REQUIRED ACTION
I need an exact copy of the lines from the one containing "[White] painted three" through the end of the records, without any pictures.

[Short web captions]
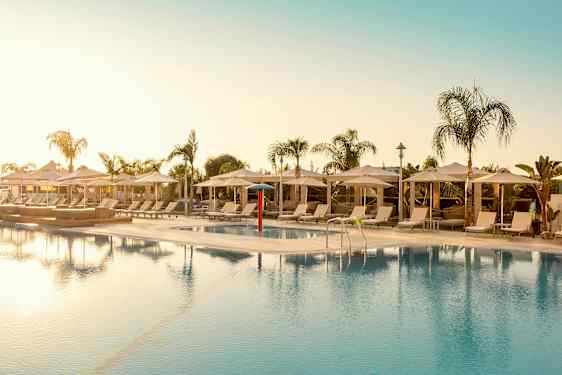 Ulkouima-allas aurinkotuolien ja päivänvarjojen ympäröimänä. (Tekoälyn luoma teksti)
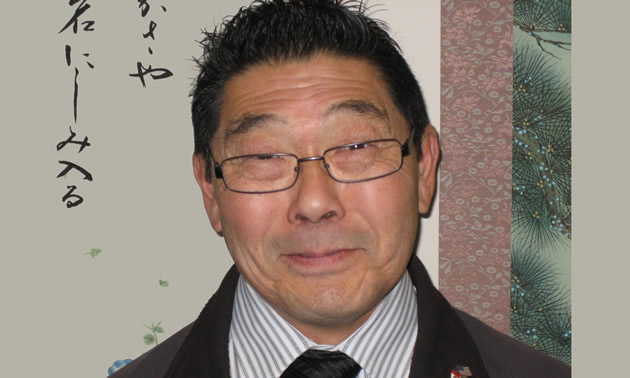 Ron Toyota wears glasses and a suit. He has black hair.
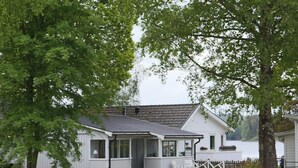 Ein eingeschossiges weißes Haus mit Veranda, kleiner Terrasse und umzäunter Garten.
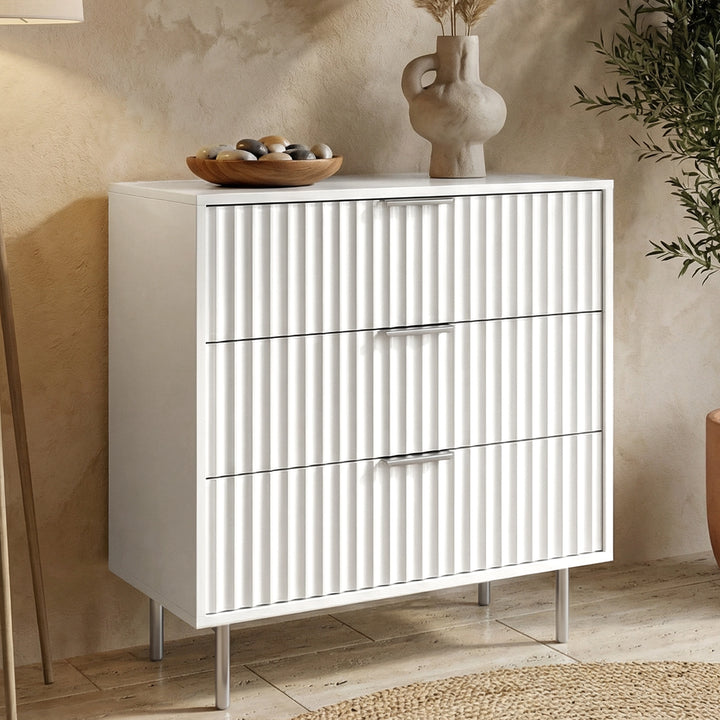 [White] painted three drawer chest from the right with vertical fluted fronts and silver cylindrical legs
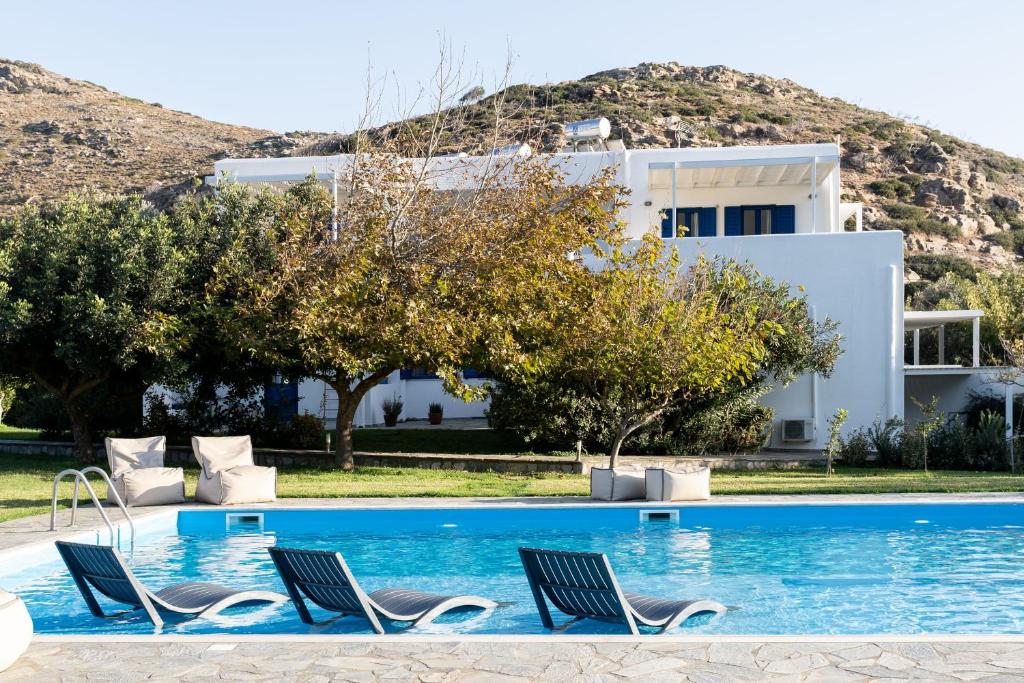 a pool with chairs and a house in the background at Alasthas in Gavrio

SOLUTION TO THIS EXERCISE
 [White] painted three drawer chest from the right with vertical fluted fronts and silver cylindrical legs
 a pool with chairs and a house in the background at Alasthas in Gavrio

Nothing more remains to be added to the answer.